The Perils of Peacemaking
Paul A. Rahe—
It is much easier to initiate a great war than to end one. Even when an attempt to do the latter seems, to the unsuspecting glance, to be an unqualified success, it frequently lays the foundations for a renewal of the struggle. The origins of the Second Punic War, of the War of the Spanish Succession, and of the Second World War can be found in the armistices and treaties of peace that ended the First Punic War, the War of the League of Augsburg, and the First World War; and we have recently discovered, to our surprise and dismay, that the accommodation reached with China in and after 1972 and the Soviet Union’s subsequent defeat in the Cold War and that polity’s eventual dismemberment did not put an end to the threat to stability, the international order, peace, and Americans’ well-being posed by the ambition of China and Russia.
In pondering the settlement that ended the First Punic War and prepared the way for its successor, the Greek historian Polybius articulated a principle that applies to virtually any arrangement that a polity negotiates at the end of an extended conflict with a genuine strategic rival. “Statesmen,” he warned,
must take heed lest the aims of those breaking off hostilities . . . escape their notice. Above all else, they must ascertain whether those coming to terms have yielded to circumstances or are broken in spirit. In this fashion, they can be constantly on guard against the former, who are apt to be lying in wait for a favorable opportunity, and they may trust in the latter as subjects and true friends and readily call upon them for whatever services occasions demand.

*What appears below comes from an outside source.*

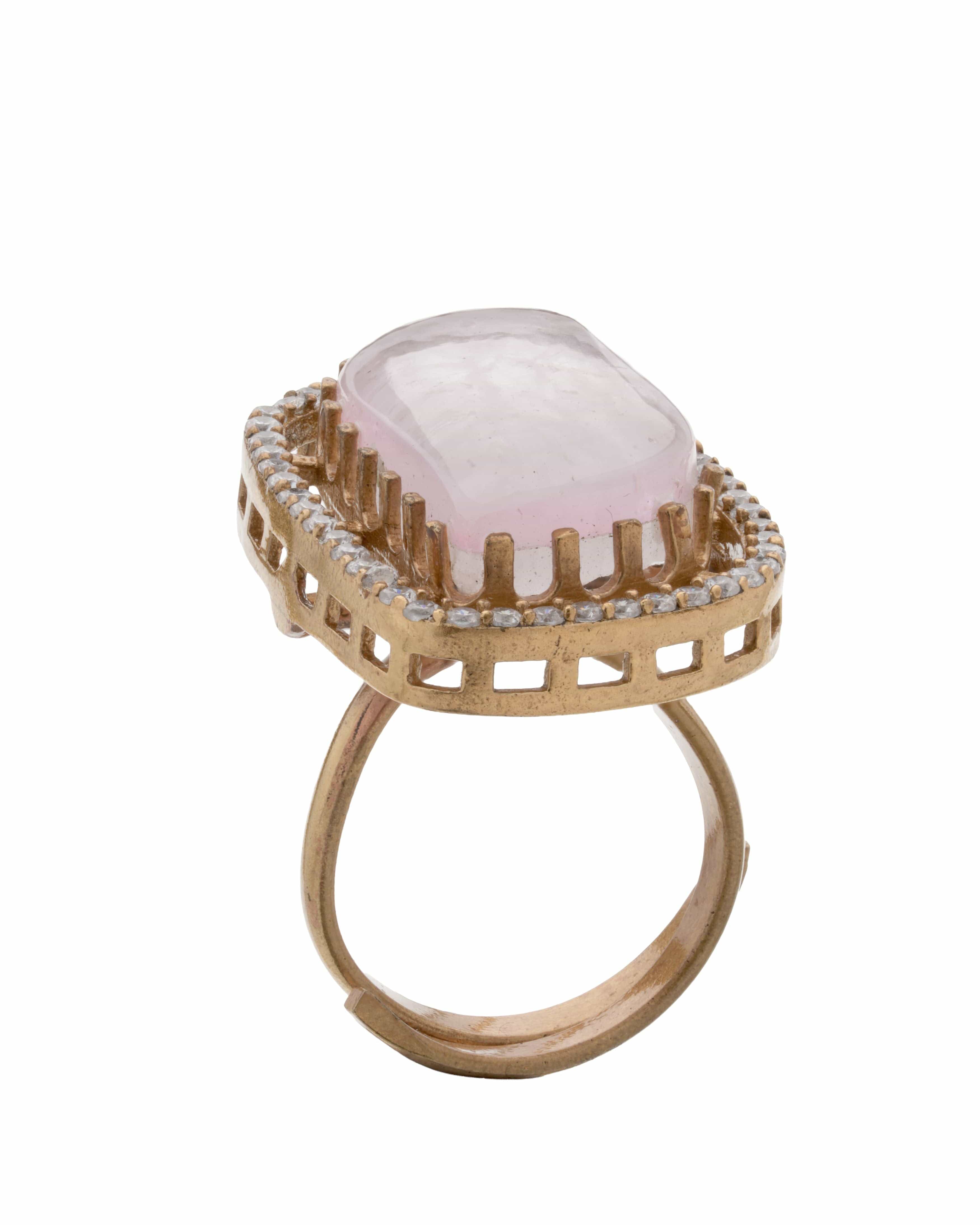 Mataari Ring Regal Radiance: Emerald Majesty Gold Ring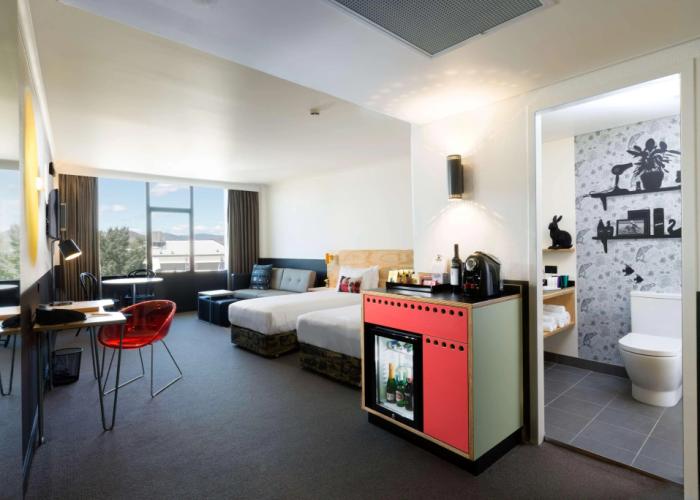 Atura Albury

As Polybius implies, if the conditions that initially gave rise to a strategic rivalry persist, that rivalry is almost certain to revive, and a renewal of war (hot or cold) may well be the consequence.
Sparta’s second and third Attic wars serve as another example. The peace treaties that brought Lacedaemon’s first two Attic wars to their conclusion in 446 and 421 B.C. arose because of mutual exhaustion and settled nothing. These contests had their roots in the fear inspired among the Lacedaemonians by the dramatic growth in Athenian power during and subsequent to the Persian Wars and the fear generated among the Athenians by the Lacedaemonians’ attempts to rein them in, and the treaties the two negotiated did nothing to alter the situation, alleviate fear, or change the calculations to which this fear gave rise.

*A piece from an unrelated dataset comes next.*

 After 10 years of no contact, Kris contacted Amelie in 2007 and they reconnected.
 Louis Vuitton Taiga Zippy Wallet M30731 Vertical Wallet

Of course, had either of the two wars in question come to a conclusion with the decisive defeat of either hegemonic power and with its elimination as a threat, there would not have been another Attic war. But, on both occasions, the conflict ended with an attempt at restoring something like the status quo ante—back before the antagonism first developed, when the two powers had operated more or less amicably within different spheres. On both occasions, Sparta and Athens yielded to circumstances and came to terms. In consequence, neither power was broken in spirit; and, in the aftermath of both wars, each was on the lookout for a favorable opportunity to strike a decisive blow.

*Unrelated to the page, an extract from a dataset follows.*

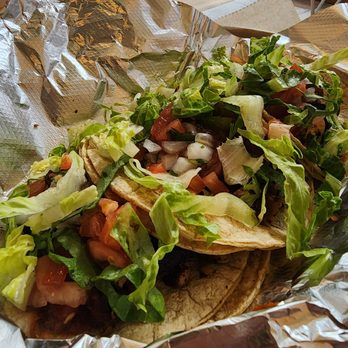 Burrito Beach - DELICIOUSNESS - Mexican Near Me - Chicago, Illinois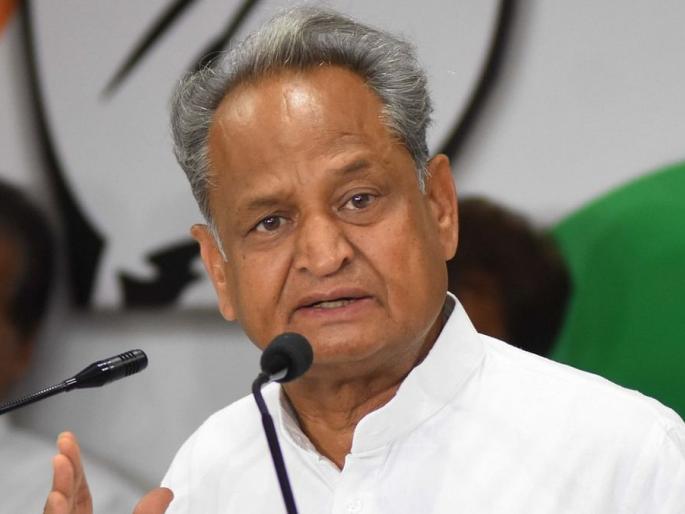 Modi should stop 'drama' of overthrowing government: Gehlot | सरकार पाडण्याचा ‘ड्रामा’ मोदींनी थांबवावा : गेहलोत Modi should stop 'drama' of overthrowing government: Gehlot | सरकार पाडण्याचा ‘ड्रामा’ मोदींनी थांबवावा : गेहलोत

Sparta’s third Attic war, however, changed everything—for in its course, thanks to the terrible suffering inflicted on the Athenians, their spirit was broken, and the same can be said regarding Rome’s victory over the Carthaginians in the Second Punic War and America’s victory over the Germans and the Japanese in the Second World War. Yesterday’s foe, if broken in spirit, can easily become the victor’s ally. In the aftermath of the Cold War—after the Chinese and, then, the Russians had yielded to circumstances—American leaders were far too sanguine. For neither power was broken in spirit, and now, thirty years after the end of our struggle with the Soviet Union, both lie in wait, hoping for an opportunity. For our misapprehension on this occasion and the miscalculation attendant thereon, we may well have to pay a very high price.
In antiquity, no one attentive to such a case would have expected any long-term outcome other than a renewal of hostilities. The opinion attributed to the lawgiver of Crete by Cleinias in Plato’s Laws was the common sense of the matter throughout Hellas: “What most men call peace, he held to be only a name. In truth, for everyone, there exists by nature at all times an undeclared war among cities.” Although we may not, for good reason, be willing to embrace this sentiment, we would do well to temper our optimism and attend to Polybius.
Paul A. Rahe studied ancient history at Oxford on a Rhodes Scholarship, then later at Yale. He holds the Charles O. Lee and Louise K. Lee Chair in the Western Heritage at Hillsdale College, where he is professor of history.